TASK GOAL: All of the data that follows should be given again exactly, without its images.
DATA SEGMENT Block Start
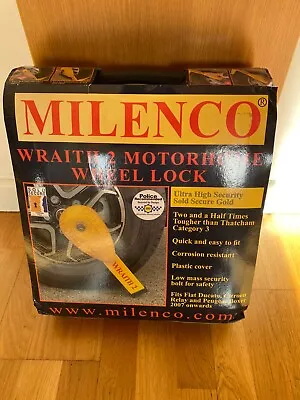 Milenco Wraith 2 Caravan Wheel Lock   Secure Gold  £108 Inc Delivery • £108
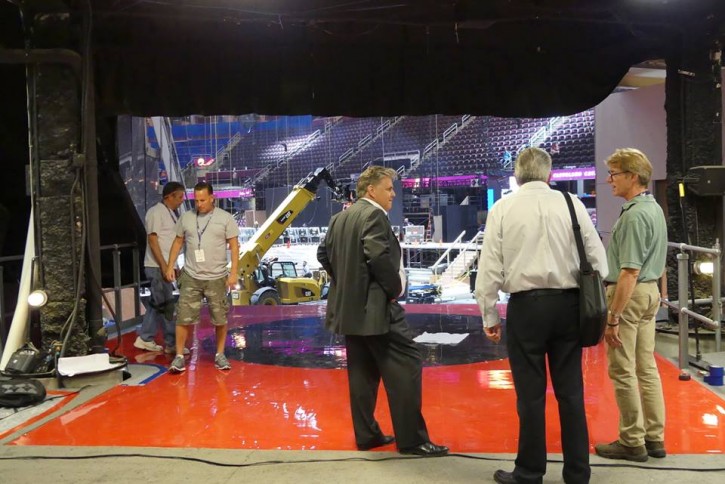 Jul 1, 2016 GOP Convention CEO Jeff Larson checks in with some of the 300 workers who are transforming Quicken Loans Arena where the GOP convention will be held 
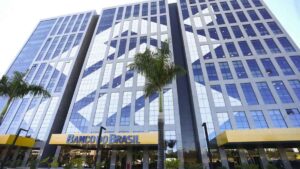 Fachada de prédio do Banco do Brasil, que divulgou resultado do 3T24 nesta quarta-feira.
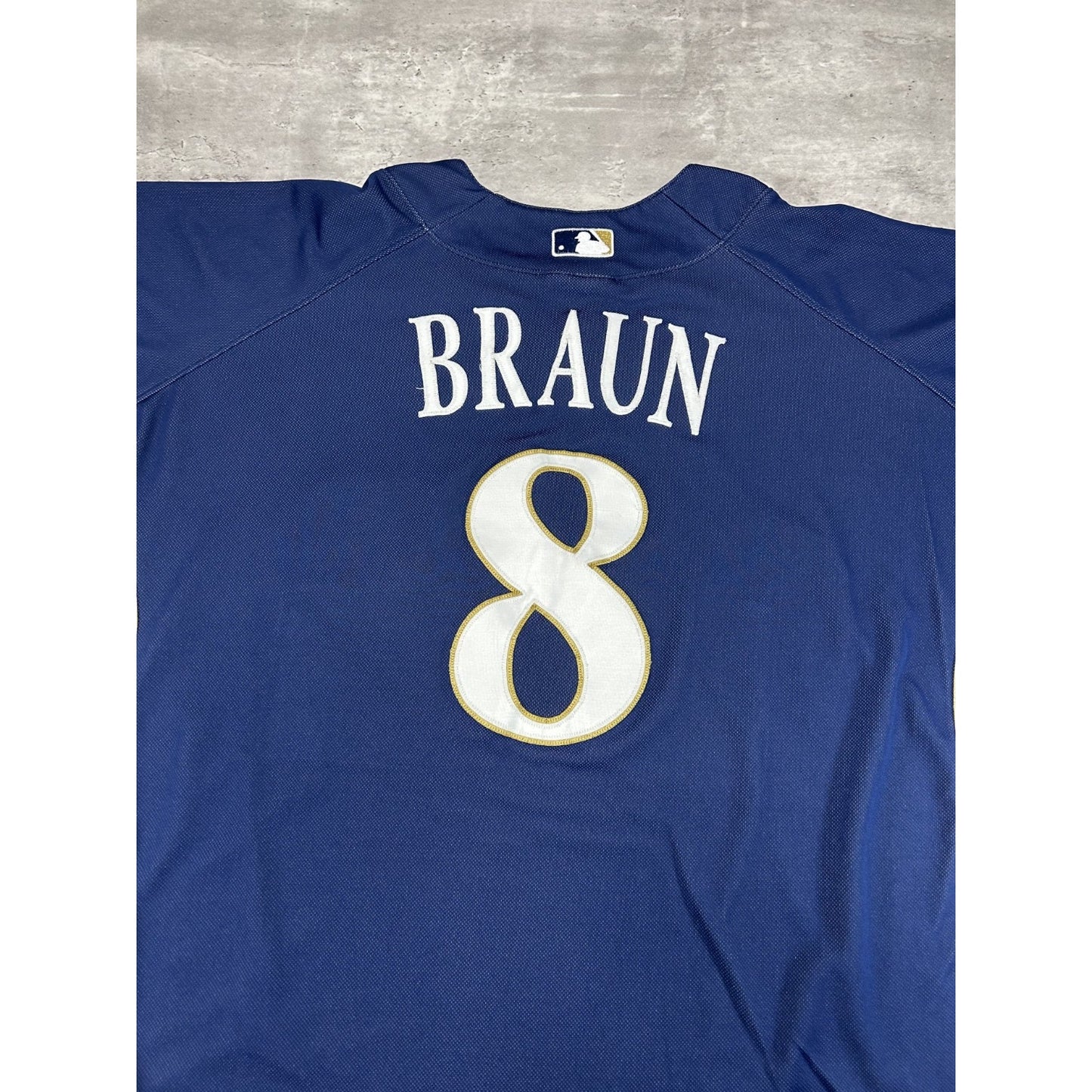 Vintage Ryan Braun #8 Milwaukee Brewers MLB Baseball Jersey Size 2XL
DATA SEGMENT Block End
SOLUTION BELOW:
 Milenco Wraith 2 Caravan Wheel Lock   Secure Gold  £108 Inc Delivery • £108
 Jul 1, 2016 GOP Convention CEO Jeff Larson checks in with some of the 300 workers who are transforming Quicken Loans Arena where the GOP convention will be held 
 Fachada de prédio do Banco do Brasil, que divulgou resultado do 3T24 nesta quarta-feira.
 Vintage Ryan Braun #8 Milwaukee Brewers MLB Baseball Jersey Size 2XL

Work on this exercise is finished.